In a relatively low volume market like Sweden, the most we can say is that logistics batching and similar allocation decisions can change the ranking quite significantly over short periods.
Models consistently inside the top 10 are obviously doing something right in terms of value proposition and appeal, but — at this still early stage in the EV transitions — may owe much of their success to simply “turning up” in available volumes.
Conversely, models outside the top 10 may also be very compelling, just constrained by supply (either global, or that which is allocated to Sweden). For example, the Cupra Born may be in the latter category, and the MG4 is too, for now at least.
Until global battery production capacity (and other key supply chains) have caught up with growth in BEV demand, we won’t know which models, brands, and value propositions folks will chose in an open and unconstrained market.
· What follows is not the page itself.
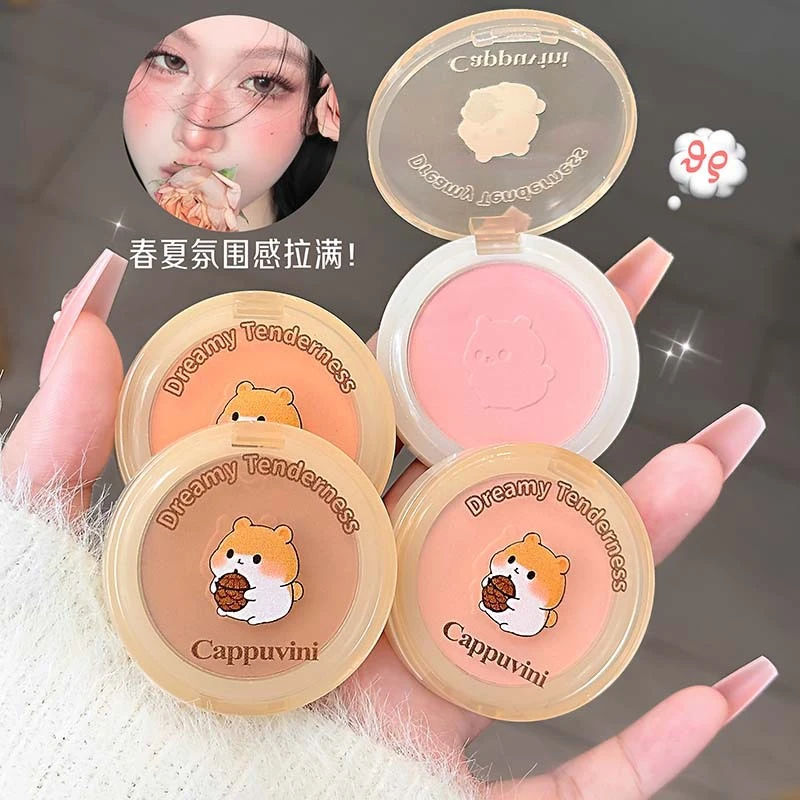 单色腮红膏脸部自然提亮低饱和芭乐色膨胀色哑光平价初学者腮红盘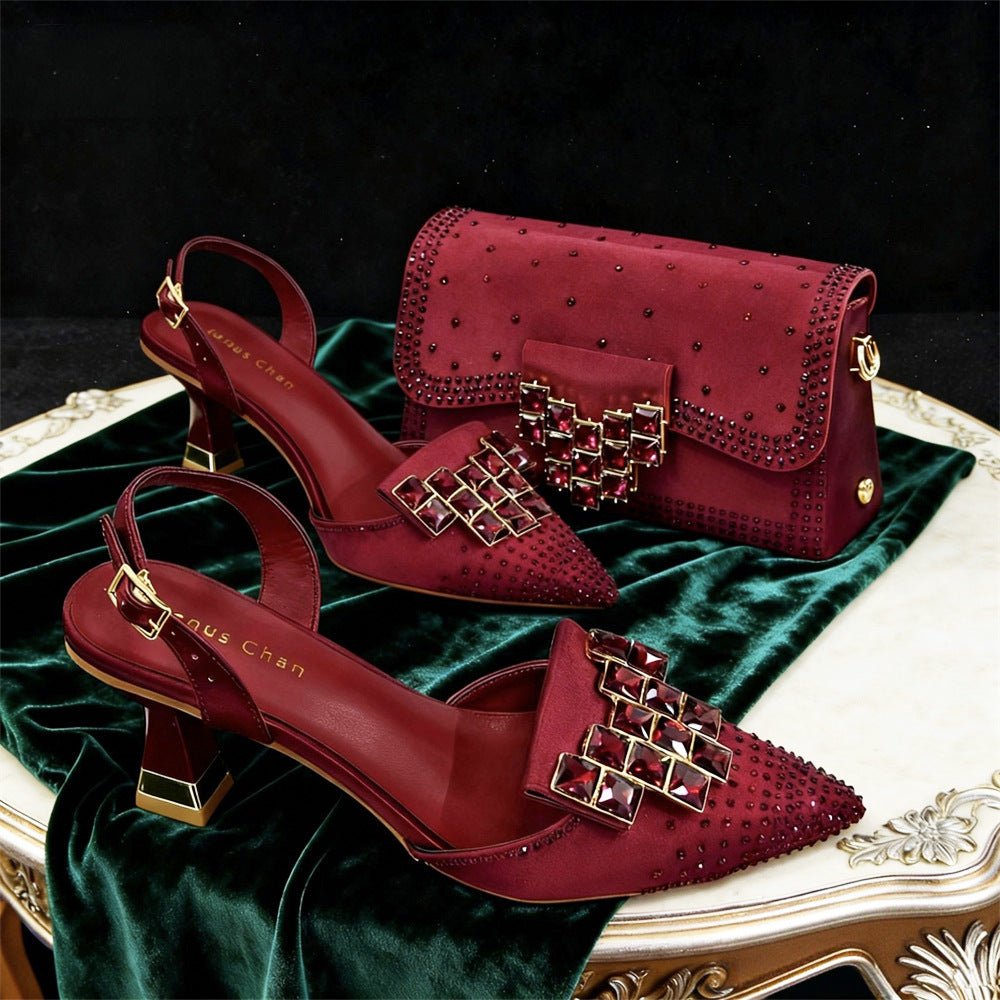 Ensemble femme chaussures et sac avec boucle en strass exquis - Chic et glamour! - IVOIRART.COM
This won’t fully shake out until the early 2030s at least.
Sweden’s auto market is firmly in the hot zone of the transition to EV, though the progress this year is being constrained by supply. In the big picture, demand is arguably much more important, and in this respect it is clear that Sweden has already firmly voted to quickly transition to EVs.
With road fuel prices significantly up across Europe, relative interest in plugins remains strong. Despite high electricity prices, and shocking rates of overall energy price inflation, the running cost savings for plugins compared to combustion vehicles are still very substantial.
The growth in plugin share over the remaining months will continue to be shaped almost entirely by supply volumes, rather than by any constraint in demand. We know that many BEVs still have 12 month waiting lists, whereas combustion-only vehicles have shorter wait times on average, juicing their performance.